The first tip is remembering why you are on this journey. Your personal motivations go far beyond embarking upon and advancing a career in realtime reporting and/or captioning. Ask yourself: Did I decide to start school so I could do something I care about every day? Did I start school to provide a better life for me and my family? Whatever your personal reasons are, write them down on a few sticky notes and place them somewhere you will see often. This can be on your desk, computer, dashboard, or refrigerator. This will serve to remind yourself why the small things you do today can make a difference for your future.

The second successful tip is to set mini goals. Successfully completing an educational program and starting or switching careers can feel overwhelming because it might take more than a few weeks or months to actually achieve. Set short-term goals that are symbolic of your progress and give you inspiration to study along the way. When setting short-term goals, make sure they include mastering one new skill, asking your instructor and/or mentor for help with one topic; host a study group; improve your grade on an exam or in a course; stick to a study schedule; and attend each and every class. As you set a few short-term goals that are easier to attain, you will be able to mark your progress toward achieving your long-term goal. Notice the progress you’re making every day so you can gain extra motivation for studying and achieving your goal. Make sure your goals follow the SMART pattern (specific, measureable, attainable, realistic, and timed).

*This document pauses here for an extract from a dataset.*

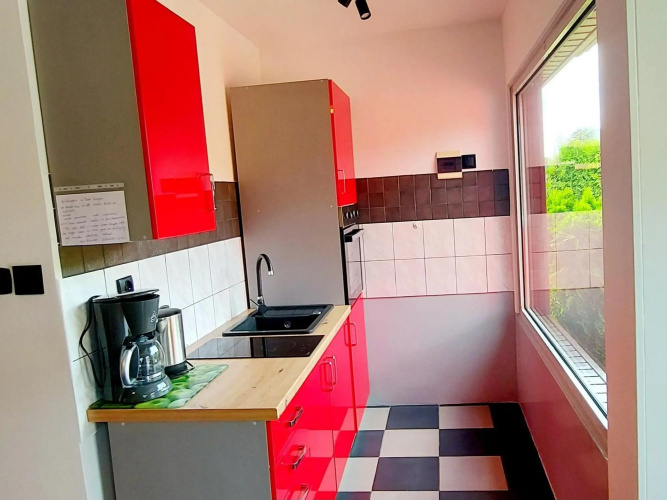 Holiday Home in Nowe Warpno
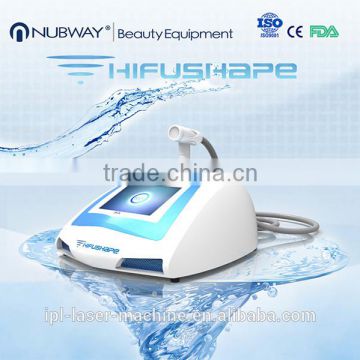 Eyes Wrinkle Removal China Portable Ultrasound HIFU Expression Lines Removal Body Slimming Machine Price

Another successful tip is to tell someone about your long- and short-term goals. By sharing your goals with others, you birth a team of supporters who want to see you succeed. While you might feel vulnerable talking about your goals at first, it is a sign that you’re being honest about something that is of great importance to you. When those around you – your family, friends, and instructors – understand what you want to achieve, they can help you along the way. Your family can be understanding when you need to spend time in school, your friends can encourage you, and your instructors can hold you accountable. Share your long- and short-term goals so you have a community of support during this time of transition.

The next successful tip is to reward the small victories. You are likely making some sacrifices to achieve your goals. You might be spending less time with your family and friends, spending more time in the lab classroom, and investing in your education. While sacrifices are necessary to make life changes, it can be difficult for students to stay motivated when they place too many limitations on themselves. Remember to celebrate when you achieve any of the mini goals on your list. Whether it is treating yourself to your favorite restaurant or taking a relaxing walk, small rewards can mark your progress and keep you motivated to work toward the next reward.

The final successful tip is to ask for help. Oftentimes, you do everything you can to stay motivated to study and achieve your goals, and you still find yourself feeling overwhelmed. When this happens, it is time to reach out to your community of support. Explain your feelings to your family and friends. Ask your coworkers to take an extra shift for you. Ask your instructors for help with the materials, equipment, or concepts. Your community cares about you and wants to see you succeed. Asking for help shows that you are truly committed to achieving your goals. It shows that you have set goals worthy of achieving.

My challenge to you is this: Try these motivational strategies for a week. See if you feel more motivated to reach your goals, and better equipped to achieve them. If this works for you, continue repeating the cycle by updating your goals weekly after reflecting on your weekly accomplishments.